Since this core group of players started the Lightning’s ascension in 2014, they have made five Eastern Conference Finals (winning three of them), three Stanley Cup Finals (winning two of them), missed the playoffs once (2017’s quagmire of a season), and saw two first-round defeats (2014 to Montreal, and 2019 to Columbus). More times than not, this core finds a way and makes their opposition’s lives miserable. That killer instinct was missing in Game Five. A team as experienced as this one should know how to play a full 60-minutes given its track record.

“This game was there for the taking for us,” Lightning coach Jon Cooper said. “We just let it slip through our fingers. That’s on us.”

Slipping through their fingers is an oversimplification—Tampa Bay gifted Toronto momentum with inexcusable execution and decision making. John Tavares, who has been a ghost for most of the series, gave the Maple Leafs life on a power-play that should have never happened. The man advantage came from the Lightning committing a second too many men infraction.
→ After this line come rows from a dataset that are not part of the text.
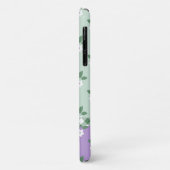 Floral Girly Simple Pattern Case-Mate iPhone Case (Achterkant/links)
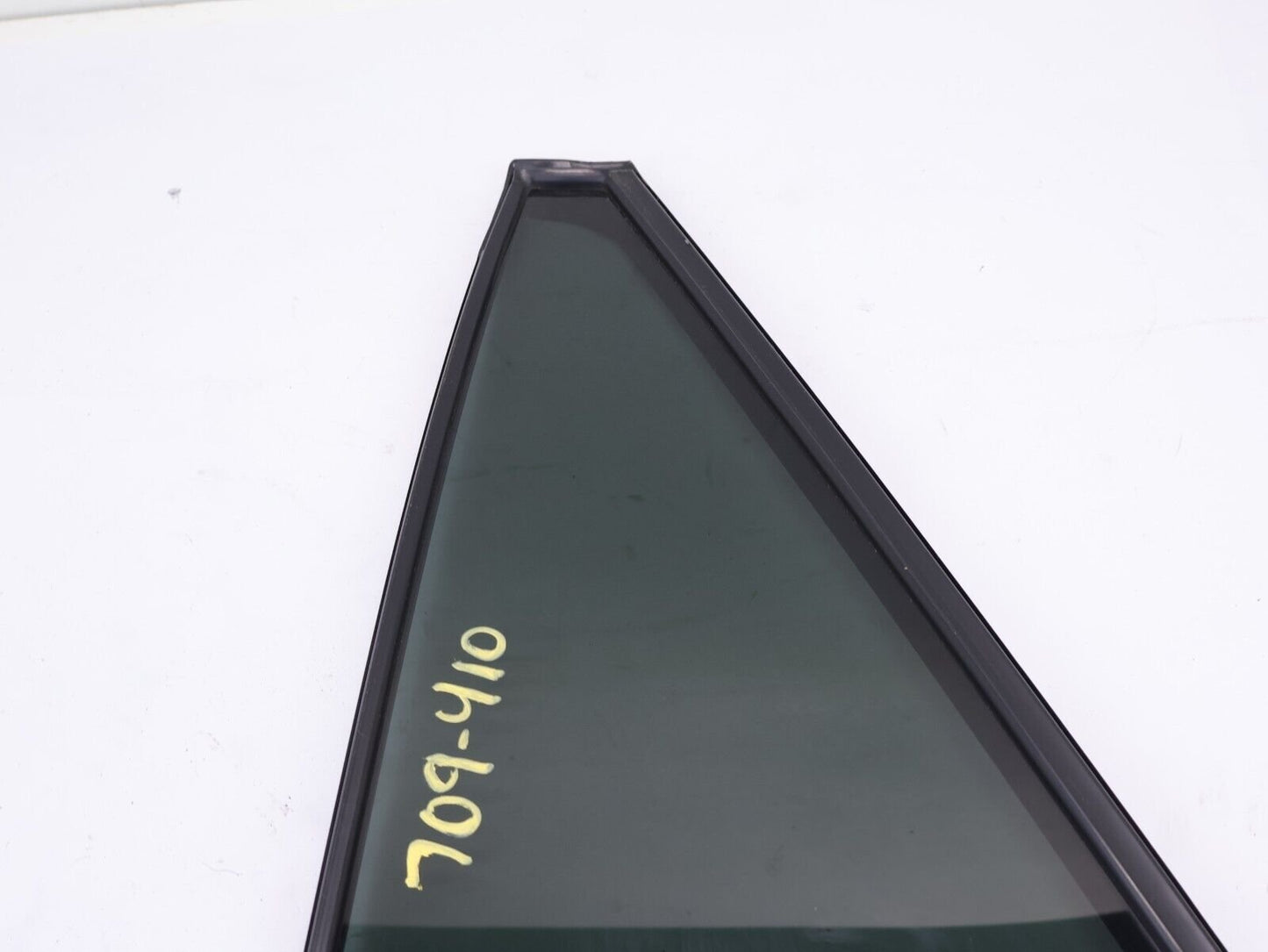 2015-2019 Subaru Outback Driver Rear Door Vent Corner Glass LH Left OEM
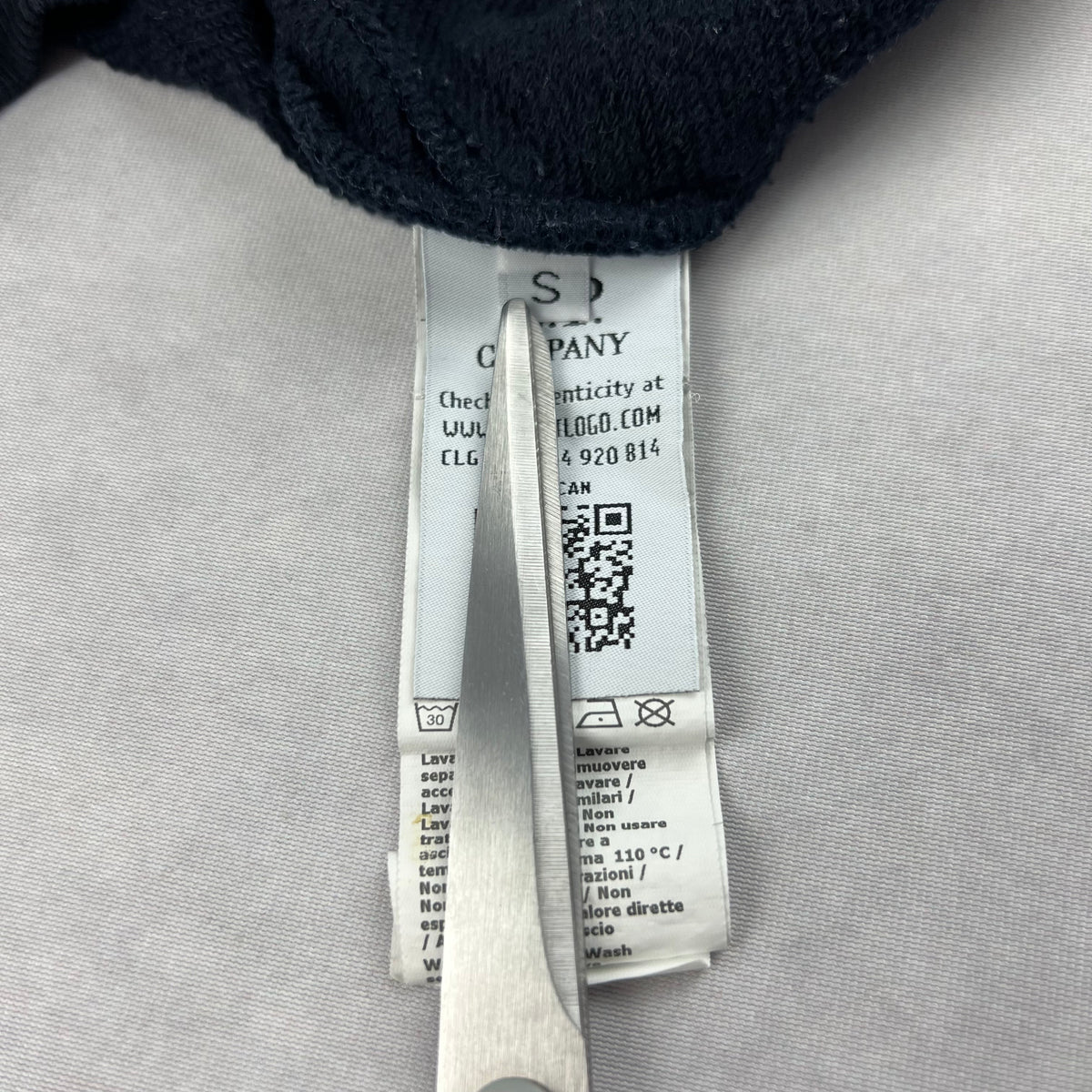 CP Company Goggle Hoodie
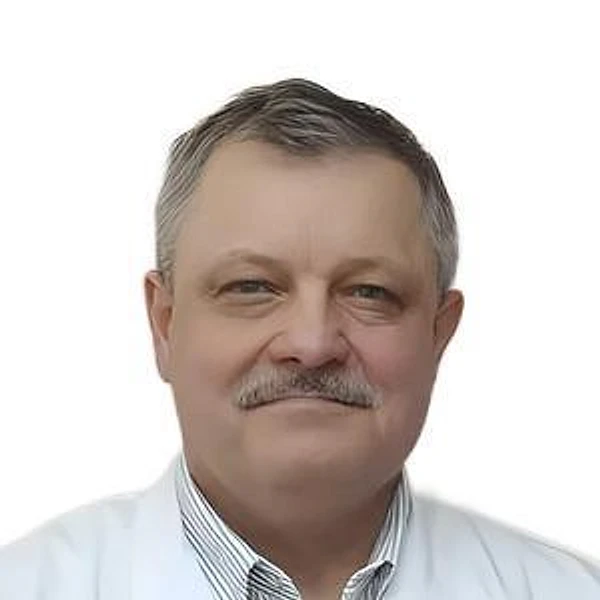 Лизогуб Сергей Михайлович — Хирург, Торакальный хирург, Пушкино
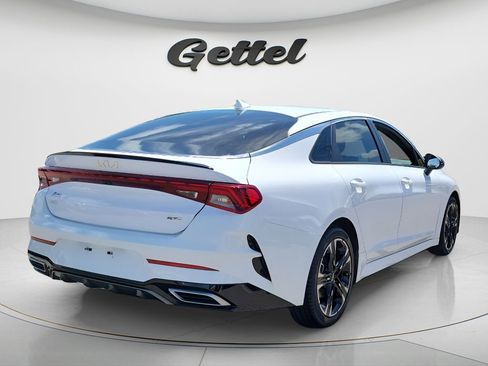 Used 2023 Kia K5 GT-Line FWD image 5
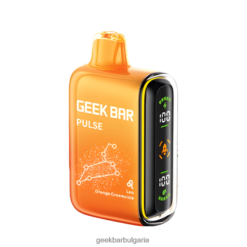 Geek Bar Vape - Geek Bar Pulse 15k вейп за еднократна употреба 62446D52 leo orange creamsicle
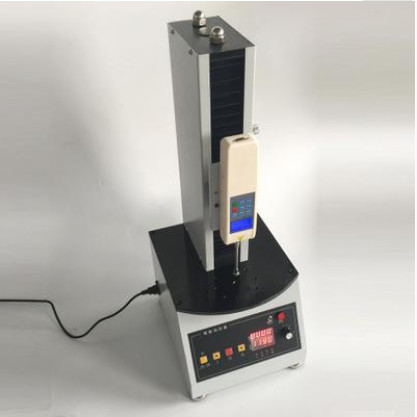 Single Column Vertical Universal Tensile Strength Tester With Compact Structure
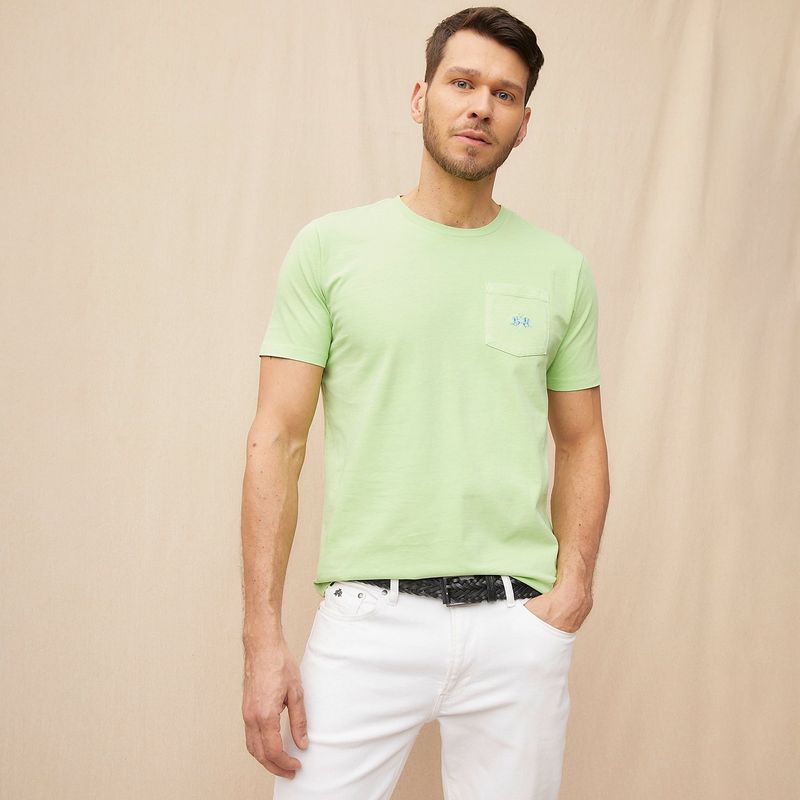 LA MARTINA - Camiseta Hombre La Martina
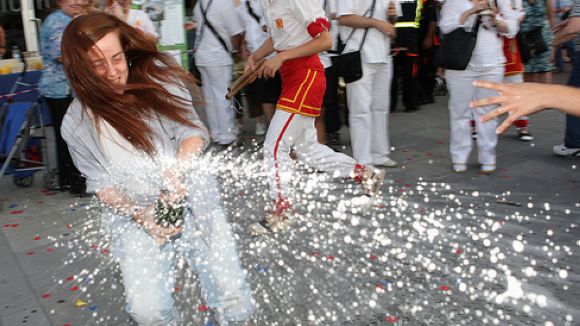 J. L. Lolo: 'La mostra de cotxes antics és un bon plat fort de la festa de Mas Gener'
One too many men penalty is bad enough, but two happening is inexcusable and paved the way for the Maple Leafs to gain momentum—which they never relinquished for the remainder of the game.

Andrei Vasilevskiy did everything within his power to keep the Leafs at bay, and for a while, it looked as though he would carry Tampa Bay to a 3-2 series lead. Then the third-period mistakes piled up, and The Big Cat was left on an island. Morgan Rielly, William Nylander, and Auston Matthews all scored in the third period thanks to blown coverages or unneeded mistakes from the Lightning.

Tampa Bay did tie the game with a Ryan McDonagh goal before Matthews’s eventual game-winner, but the mistakes kept piling up, and it bit them in the worst way possible.

For as much deserved flak as the Leafs get for failing to win a playoff round since 2004 (with this core of Leafs players going 0-for-5), they’re a prideful group that is clearly tired of being a postseason laughingstock and wants to change their narrative. Being the “little brother” for so long eventually leads to a comeuppance, and this Toronto team is too talented to be taken lightly. Gifting a group as hungry as they are this kind of momentum could be the lift they need to close the series in Tampa.

That’s where the Lightning has to step up, again, to even the series and make it a do-or-die Game Seven. This marks only the second time since the 2020 postseason the Lightning have faced elimination, and the first time it came before a Game Seven. Tampa Bay deserves every ounce of trust that they can force a final series-ending game in Toronto this weekend, but they’ll have to avoid the needless mistakes that gifted a golden opportunity to their opponent.